[Exercise materials]

────────────────

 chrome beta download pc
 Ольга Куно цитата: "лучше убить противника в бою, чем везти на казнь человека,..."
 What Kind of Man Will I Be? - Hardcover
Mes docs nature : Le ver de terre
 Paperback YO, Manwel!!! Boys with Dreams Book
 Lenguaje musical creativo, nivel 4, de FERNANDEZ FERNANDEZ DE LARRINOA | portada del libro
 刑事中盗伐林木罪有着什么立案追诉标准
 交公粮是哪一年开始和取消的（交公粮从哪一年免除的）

────────────────

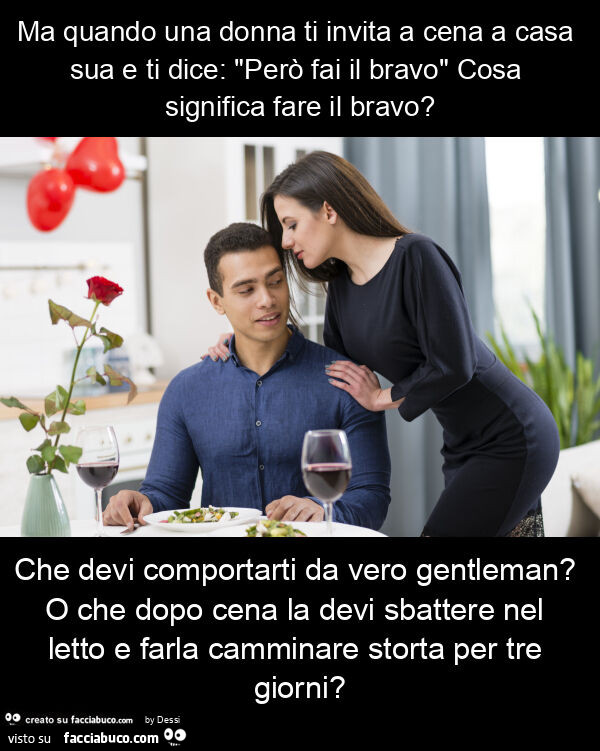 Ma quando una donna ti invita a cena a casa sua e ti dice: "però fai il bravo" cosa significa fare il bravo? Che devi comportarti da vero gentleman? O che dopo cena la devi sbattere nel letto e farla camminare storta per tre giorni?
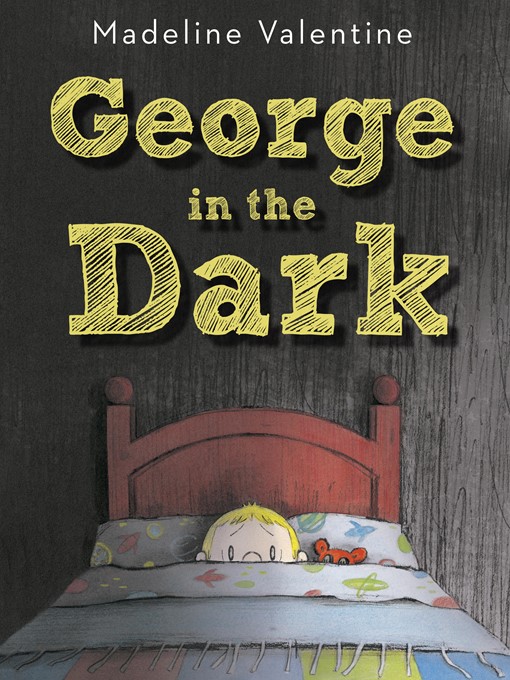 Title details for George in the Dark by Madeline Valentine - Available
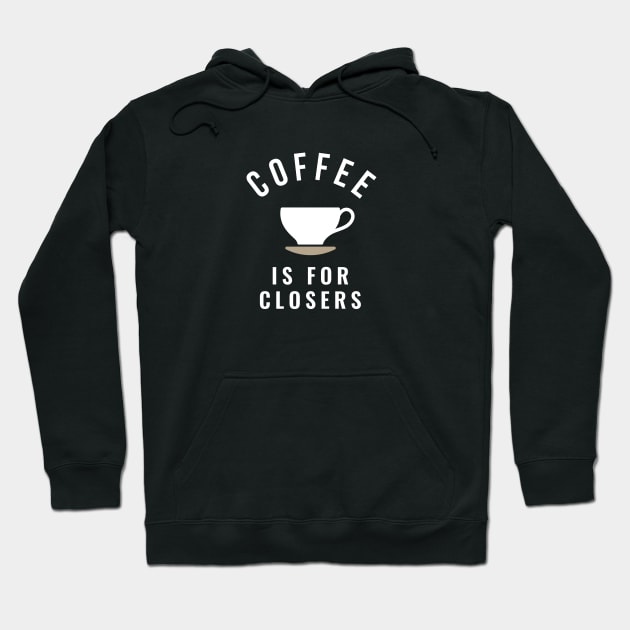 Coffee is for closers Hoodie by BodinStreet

────────────────

[What the task asks]
Exact duplication is required for the lines above, from the line that contains "Lenguaje musical creativo, nivel" to the line that contains "交公粮是哪一年开始和取消的（交公粮从哪一年免除的）", inclusive; omit all others.

[Output of the task]
 Lenguaje musical creativo, nivel 4, de FERNANDEZ FERNANDEZ DE LARRINOA | portada del libro
 刑事中盗伐林木罪有着什么立案追诉标准
 交公粮是哪一年开始和取消的（交公粮从哪一年免除的）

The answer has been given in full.